Container History and Linux Namespaces Part 2: Cgroups

by Hadean Platform

Recap

In the last article we looked at a(n incomplete) history of containers and dived a bit into Linux namespaces, which help you partition parts of your system and limit their capabilities. However, namespaces aren’t so useful for limiting hardware resources.

This article will cover how container runtimes deal with this using cgroups.

Core Isolation Technologies (continued)

cgroups

Linux namespaces are great, but don’t really touch classic resource usage like memory and CPU. cgroups (short for control groups) take a step in filling this gap by providing a unified filesystem-based interface for grouping processes, with assorted ‘subsystems’ supporting the alteration of process behaviour.

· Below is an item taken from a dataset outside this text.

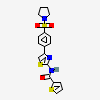 an image of a chemical structure CID 1303654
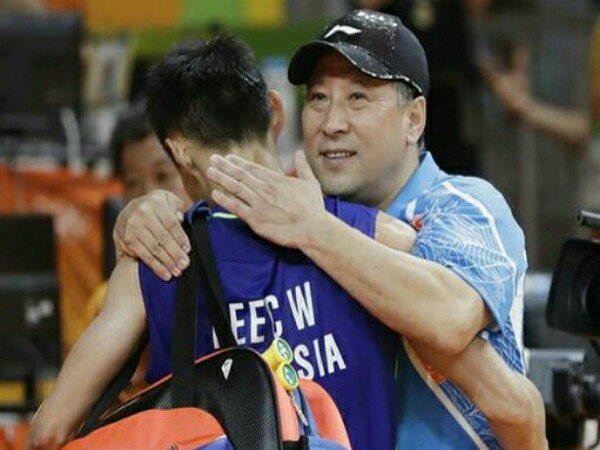 Malaysia Akan Pertimbangan Rekrut Li Yongbo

Among many other things, leveraging cgroups allows

  • Assignment of processes one or more specific CPUs (e.g. the ––cpuset-cpus argument to docker run)
  • Limiting of process memory and swap usage (e.g. the ––memory argument to docker run)
  • Freezing and resuming processes (e.g. docker pause)

Note that cgroups are used for more than just containers! For example, systemd allows configuration of cgroups for services, slices and scopes.

cgroups: Hands On

You can dig into container cgroups by looking at the cgroup information for any process within that container (I use podman as my container runtime which requires using sudo when applying cgroups, but Docker should work equivalently):

$ sudo podman run -it –rm ––cpuset-cpus 0,1 alpine:3.11 sh -c ‘cat /proc/self/cgroup && while true; do echo -n x; sleep 10; done’

[…]

3:cpuset:/machine.slice/libpod-1e2bca888e33e6c960c3eb7d957ba5a24c7998dedf7d907d576311613d98cd0a.scope

2:freezer:/machine.slice/libpod-1e2bca888e33e6c960c3eb7d957ba5a24c7998dedf7d907d576311613d98cd0a.scope

[…]

xxxxxxxxxxx

The shell commands in the container will first print cgroup information, and then print an x every 10 seconds. In a separate terminal I can now take a look at my cgroup v1 filesystem (may be in a different location for you due to cgroup nuances!), as well as apply new things to it:

$ cat /sys/fs/cgroup/cpuset/machine.slice/libpod-1e2bca888e33e6c960c3eb7d957ba5a24c7998dedf7d907d576311613d98cd0a.scope/cpuset.cpus

0-1

$ sudo sh -c ‘echo FROZEN > /sys/fs/cgroup/freezer/machine.slice/libpod-1e2bca888e33e6c960c3eb7d957ba5a24c7998dedf7d907d576311613d98cd0a.scope/freezer.state’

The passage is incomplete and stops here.